The $treeSize$ function serves as the entry point and initiates the tree exploration by calling the $explore$ function with the initial center point $(0, 0, 0)$ and calculates the total number of leaf nodes in the spherical tree.
$\mathbb{Conjecture}$
As the value of order ($n$) becomes significantly large, the number of leaf nodes calculated by $treeSize(n)$ follows the formula $treeSize(n) \approx 2π·4^n$.
Obs.: A big thanks to Chris Lewis for the valuable conjecture that enriched our present discussion!
To prove the conjecture, I will attempt using mathematical induction.

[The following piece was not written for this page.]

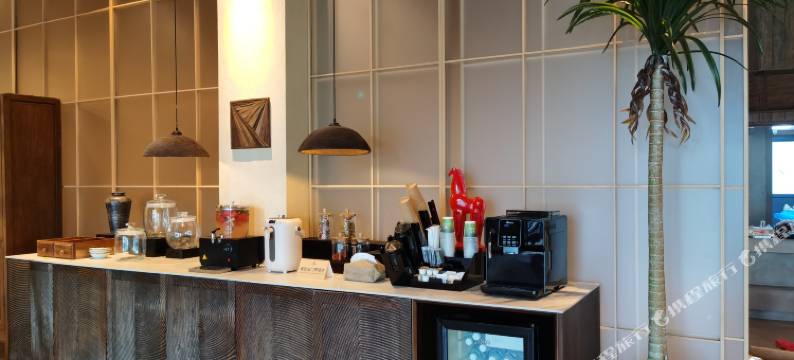 宁波漫步W°酒店(北仑银泰城店)图片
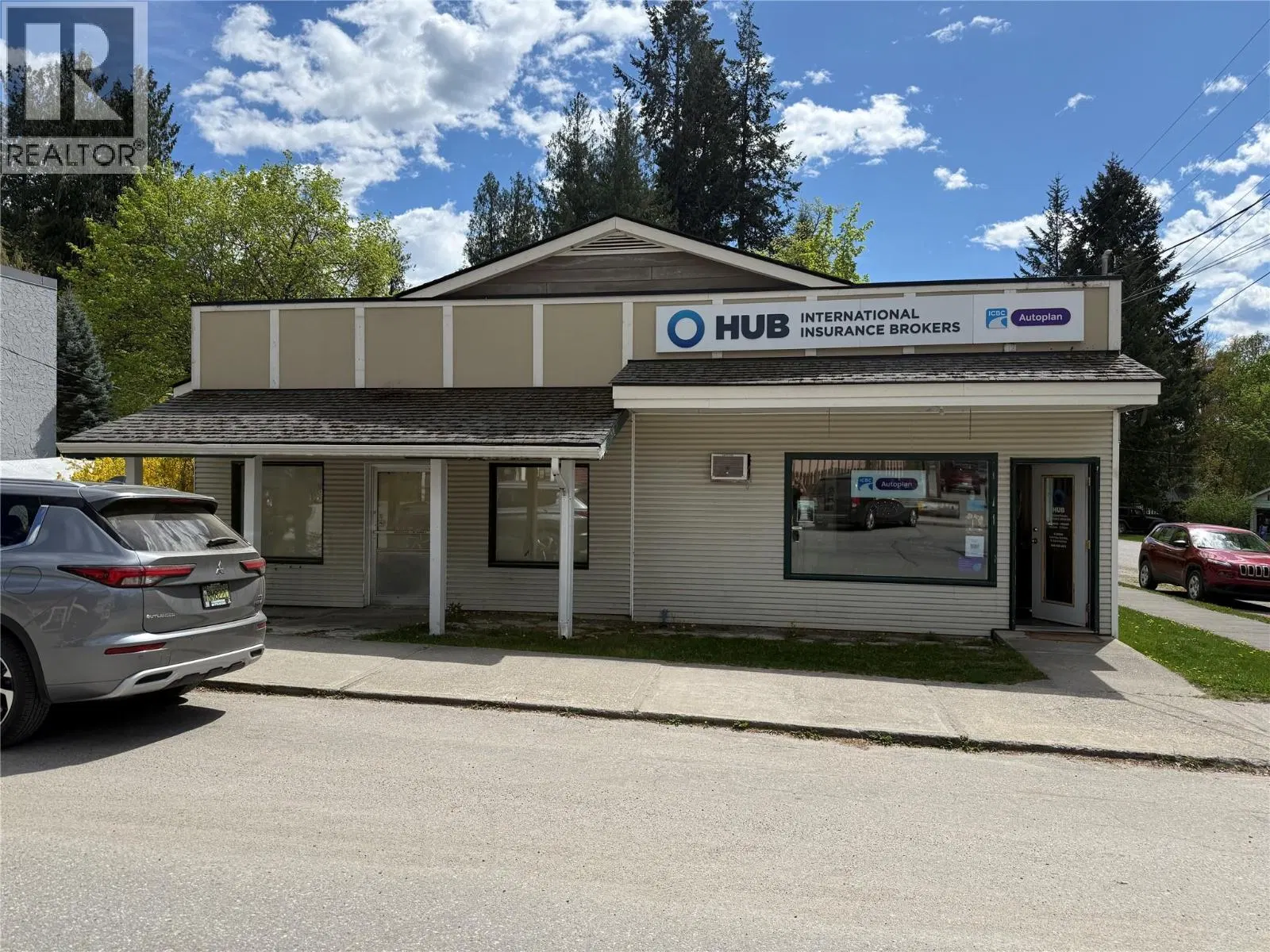Photo 1 of 25 at 401 6th Avenue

Let us assume the formula $treeSize(n)=2\pi\cdot4^{n}$ holds for a specific value of $n$ and then show that it holds for the next value of $n$ $(n+1)$. If we can show that it holds for the base case (e.g., $n=1$) and also that it holds for $n+1$ whenever it holds for $n$, then we can conclude that the formula holds for all values of $n$.
Let's start with the base case, $n=1$: For $n=1$, the formula $treeSize(n)=2\pi\cdot4^{n}$ becomes
$$ treeSize(1)=2\pi\cdot4^{1}=2\pi\cdot4=8\pi. $$
Now let's assume that $treeSize(k)=2\pi\cdot4^{k}$ holds for some arbitrary positive integer $k$. We will use this assumption to show that it holds for $k+1$.
For $n=k+1$: We can calculate $treeSize(k+1)$ using the recursive nature of the $explore$ function and the spherical tree structure.
The number of leaf nodes at the $(k+1)$-th level is equal to the number of leaf nodes at the $k$-th level multiplied by the number of leaf nodes at the $(k+1)$-th level that result from the movement in the six von Neumann directions: positive and negative $x$, $y$, and $z$.
Since the search depth obeys the constraint $x^{2}+y^{2}+z^{2}\le2^{2}\cdot2^{k}$ for the $k$-th level, we have $x^{2}+y^{2}+z^{2}\le2^{k+2}$ for the $(k+1)$-th level. This means that the $(k+1)$-th level expands in a larger sphere compared to the $k$-th level.
The number of leaf nodes at the $(k+1)$-th level is proportional to the surface area of the sphere at that level, which is $4\pi\,r^{2}$, where $r$ is the radius of the sphere. Since the radius of the sphere is $2^{k+1}$, the number of leaf nodes at the $(k+1)$-th level is approximately
$$ 4\pi\cdot(2^{k+1})^{2}=4\pi\cdot4^{k+1}=16\pi\cdot4^{k} $$
Now, using our assumption $treeSize(k)=2\pi\cdot4^{k}$, we can express $treeSize(k+1)$ as:
$$ treeSize(k+1)=2\pi\cdot4^{k}\cdot16\pi\cdot4^{k}=32\pi^{2}\cdot4^{k}=2\pi\cdot4^{k+1} $$
This shows that the formula holds for $n=k+1$, assuming it holds for $n=k$.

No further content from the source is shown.